Es lag an den Einwechselspielern, dass der Test gegen Kamerun nicht richtig schief ging. Erst glich Müller den Führungstreffer von Samuel Eto'o (62.) aus, nach Flanke von Jérôme Boateng (66.). Der zweite deutsche Treffer war eine Koproduktion der eingewechselten Lukas Podolski und André Schürrle, letzterer traf (71.). Schließlich nutzte Choupo-Moting eine der Unzulänglichkeiten in der deutschen Abwehr zum Endstand (78.).

Für Verbesserungsmaßnahmen, etwa an der Chancenverwertung, wie Löw gesondert heraushob, bleibt wenig Zeit. Nach der Nominierung am Montag erhalten die Nationalspieler zwei Tage frei. Am Donnerstag trifft sich das Team in Mainz, am Freitag findet das Testspiel gegen Armenien statt, am Samstag fliegt die Mannschaft nach Brasilien.

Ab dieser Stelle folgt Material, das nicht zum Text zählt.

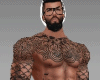 Full Out TaTToo Super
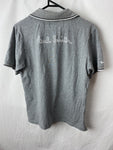 Image for Paul Smith Mens Shirt Size XL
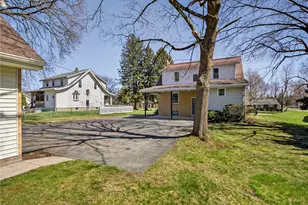 508 Meridian Rd, City of But NW, PA 16053 - Photo 41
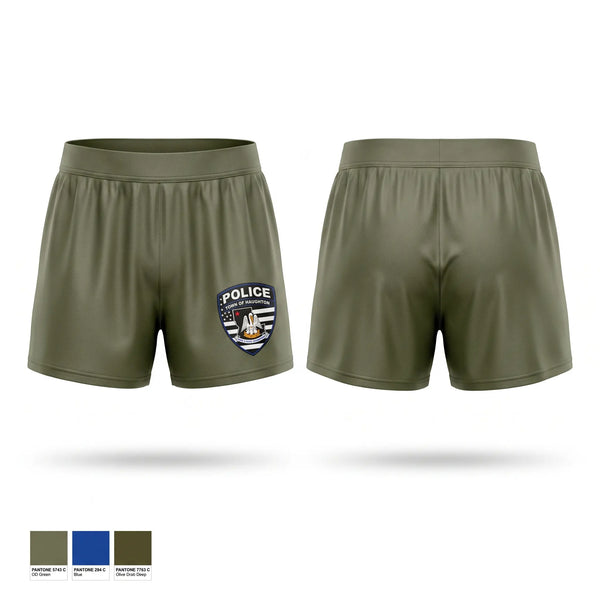 Ranger Panties, Haughton Police Department, Police, Teamtime, Team time, sublimation, custom sports apparel, team uniforms, spirit wear, spiritwear, sports uniforms, custom shirts, team store, custom team store, fundraiser sports, apparel fundraiser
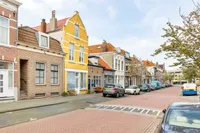 Hobeinstraat 65, Vlissingen
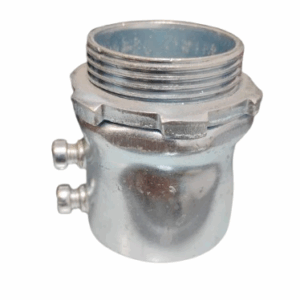 CONECTOR T/ AMERICANO 1 1/4"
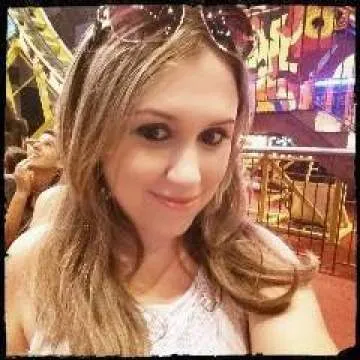 Christina Photo On Jungo Live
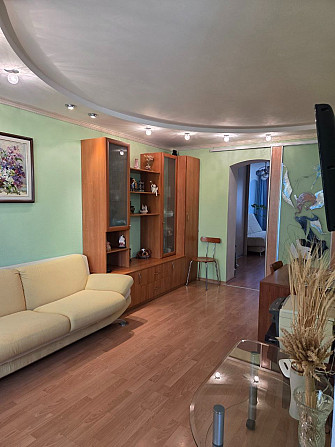 2-х ком. квартира в Калининском р-не. пр. Крсногвардейский Donetsk - photo 11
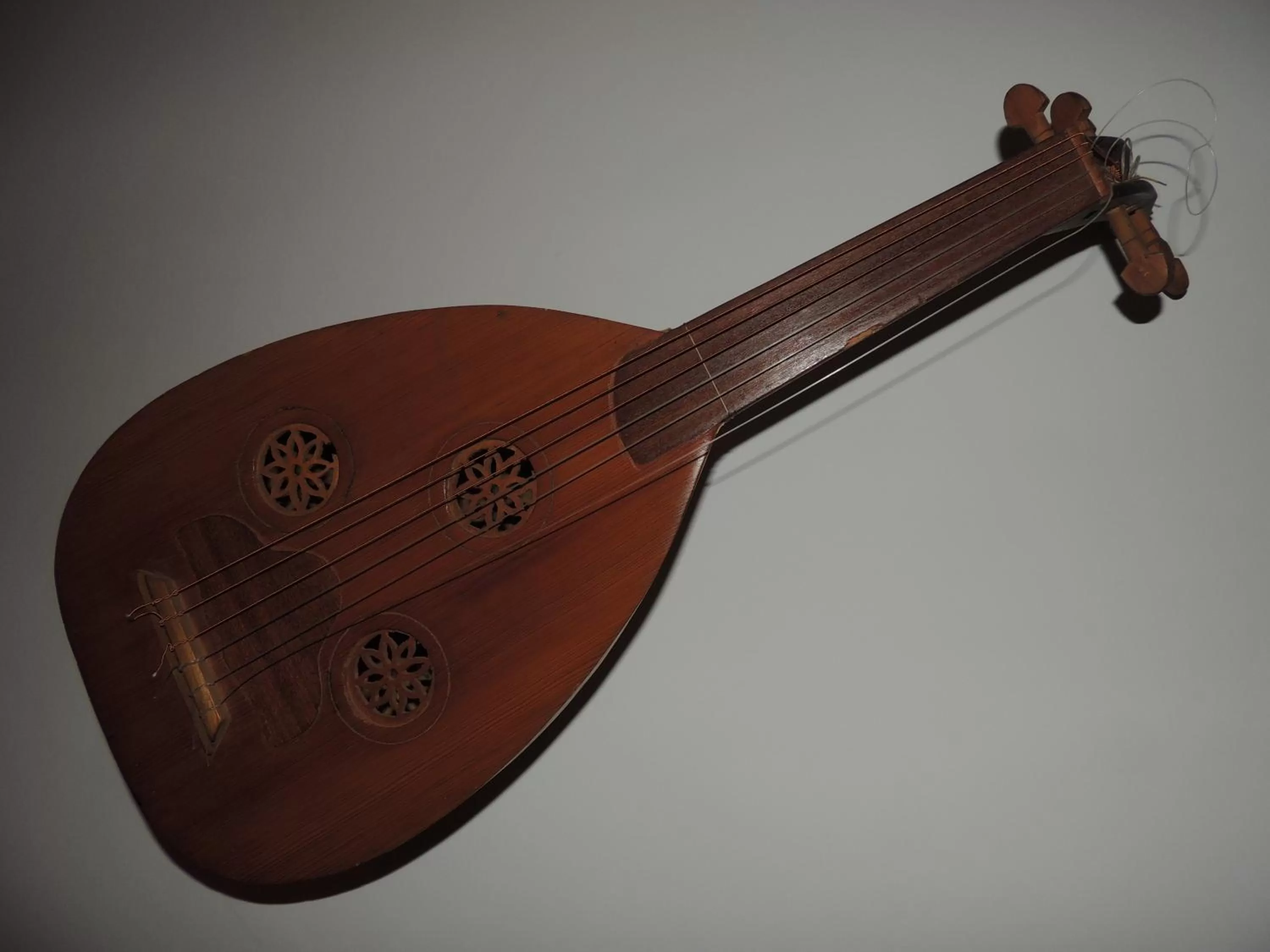 Double Room - single occupancy in O Jardim do Vinho, AC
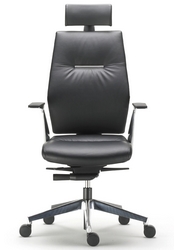 Fauteuil Pr�sident
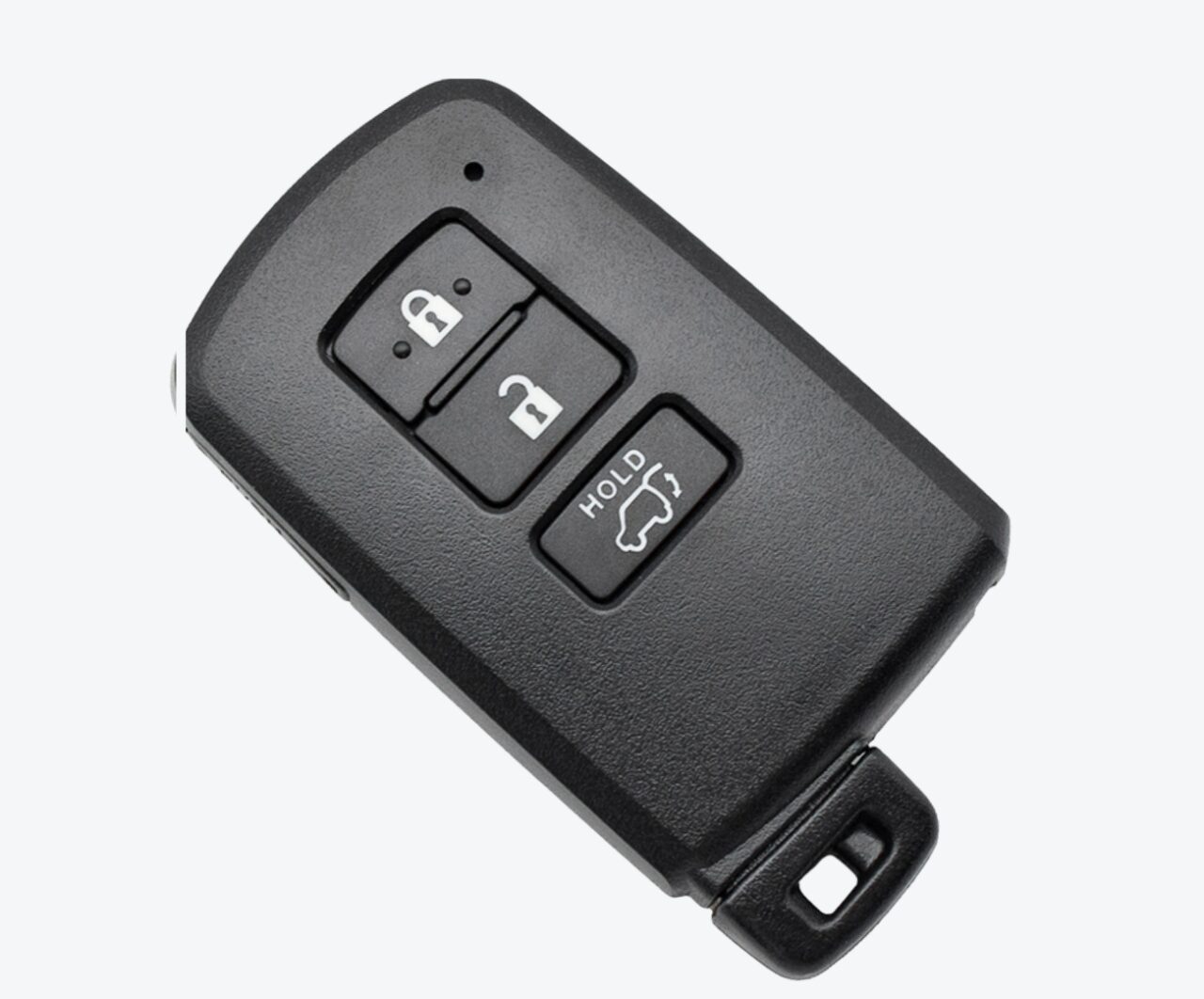 PAGINA WEB - 2025-10-14T191229.193 Carcasa Telemando Presencia Toyota Camry Rav4 Avalon 3 Botones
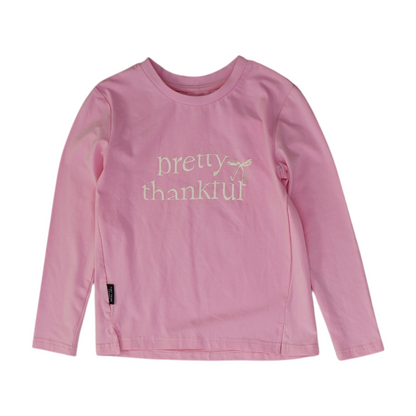 Pink T-Shirt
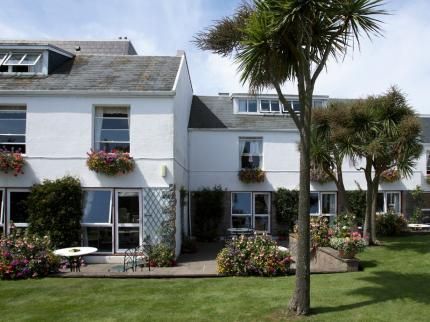 Hotel Photo 22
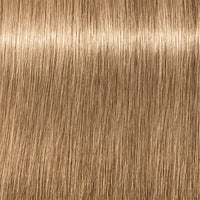 8-46 Hellblond Beige Schoko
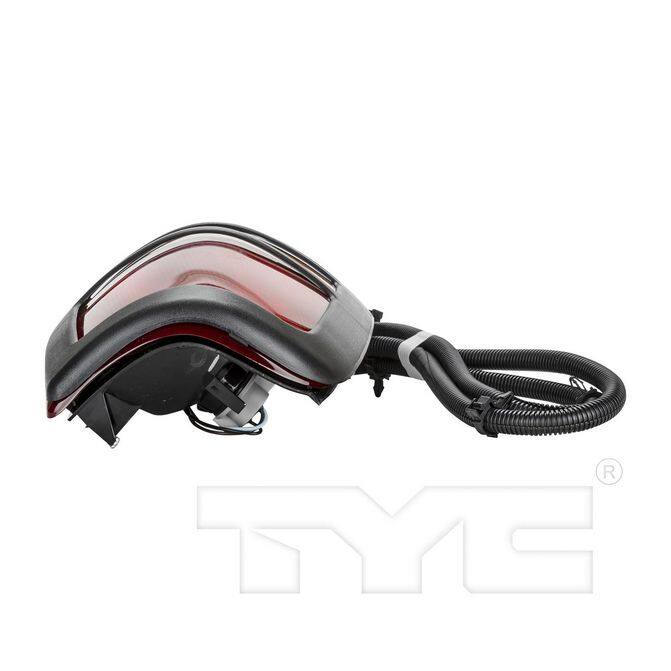 TYC TYC 11608200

Diese Phase direkt vor der WM ist eine für unerschütterliche Optimisten. Also für Thomas Müller. Ob es nicht bedenklich sei, dass so viele Stammspieler kurz vor dem Turnier nicht fit sind, wurde der Münchner gefragt. "Nö", antwortete Müller, "das ist doch positiv. Dann haben wir noch ein paar Eisen im Feuer."